シンタイの垂直軸だけでなく、水平軸もまた重要です。
シンタイの十字がピタリとまぐわうならば、ポカッと身心が喪失、あるいは無限拡大するような、絶妙なシセイがある。



耳の話を少々。
水平軸や副軸において、耳は大事なところです。そして耳の入口の内側の顎関節もまた大事。
スポーツ的運動においてはどうであろうとも、シンタイコウではインパクトの瞬間にグッとアゴを噛み締めるのはダメです。肥田式などでも、キメの瞬間にそのようにしてしまうのはダメだとおもいます。そうして武術や気功などで氣を発しようとすると偏差になります。

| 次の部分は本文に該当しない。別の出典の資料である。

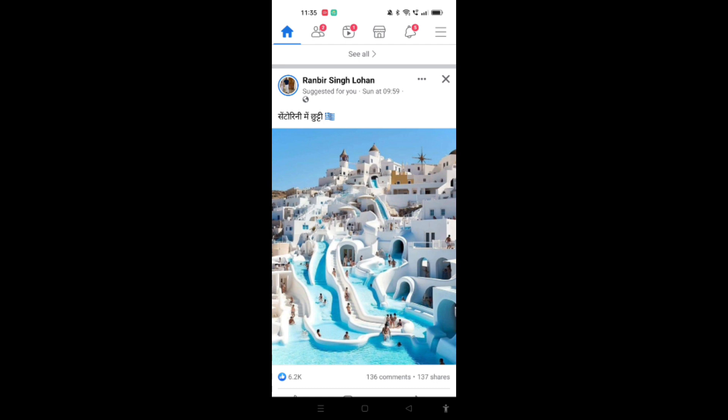Now what you have to do is select any post that you want to hide. For example, I just don't like this post and I just want to hide this one. So what I will do is click on the three dots that are available at the top of this post.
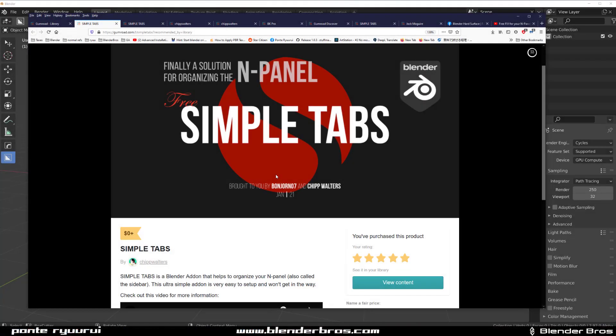Hey guys, Panto Ruard here with another Blender video. This one's gonna be a review of an add-on by Chip Walters called Simple Tabs. It's a free add-on, so just go ahead and grab it and drop some tips over there because this stuff is really good.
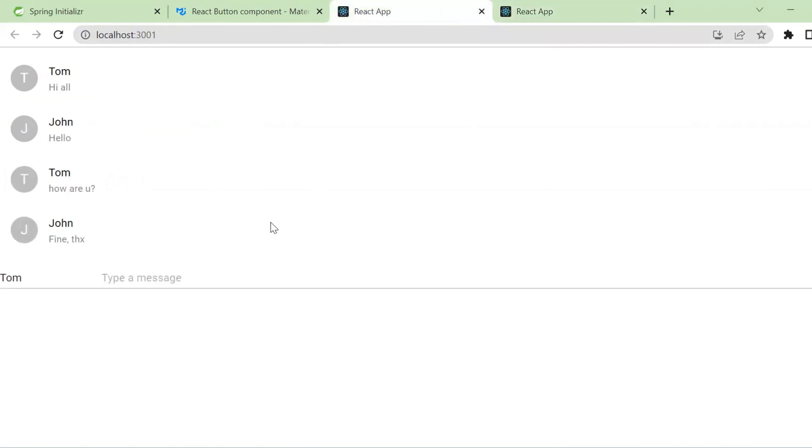And our application works well. So thank you.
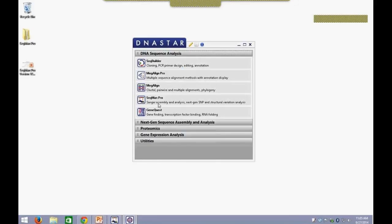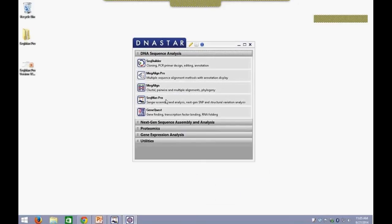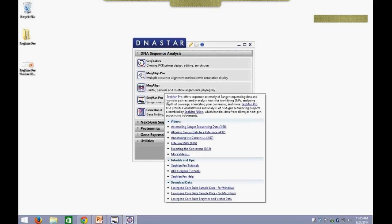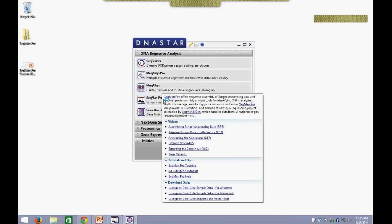For today's webinar, we'll focus on SeqMan Pro for our Sanger Assembly and Analysis. This program is one of the most powerful programs that we offer, as it can also import Next Generation Sequence Assembly files from our SeqMan Engine Assembler for Next Gen Sequencing. So with that, I'll go ahead and open SeqMan Pro.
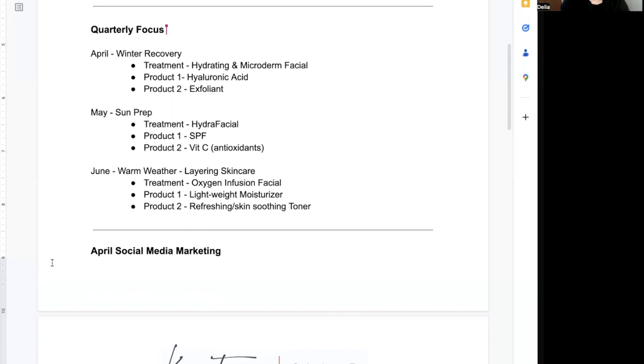For May, we're getting into more sun exposure and sun prep — getting the skin ready for accepting hydrating and protective ingredients. We want to talk about a hydrafacial, if that's something you offer, to give the skin a nice boost after the winter. The two products we've picked for May's focus would be an SPF product, because this is where we start ramping up education about the importance of SPF, and then pairing that with something like an antioxidant — like vitamin C — so you've got that protection and repair happening.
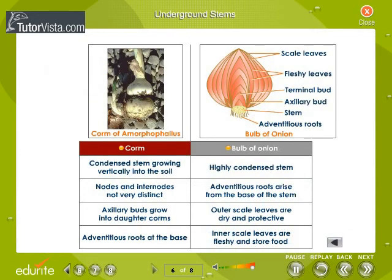Corm is a condensed stem growing vertically into the soil. Nodes and internodes of the corm are not very distinct. Axillary buds grow into daughter corms, and adventitious roots are at the base.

頭や首の筋骨や意識のリキミを抜くのには『耳で呼吸』するとよい。『ミミを抜く』のです。

耳で息をする(平たく言えばまずアゴの力を抜き、そして耳を澄まし、それでいてなおかつ何かを聞こう聞こうとしない)。
身体の中心をとっ捕まえようとかする思い、ソレこそが中心を遠ざけるものだけれども、耳を開けるとそんなイタチごっこもやめられるのである。肥田式で云う『瞳孔のフゲイ』の、耳バージョン(シンタイコウ式)のようなもんでしょう。


さて、中心とは下肚一点『だけ』に居座っているようには、わたしはかんじられません。もちろん腰腹の姿勢は決まれども、上丹田の中心はすなわち下丹田の中心であり下丹田の中心はすなわち上丹田の中心でもあるのです。どちらかが中心であるならどちらかは部分であるわけではありません。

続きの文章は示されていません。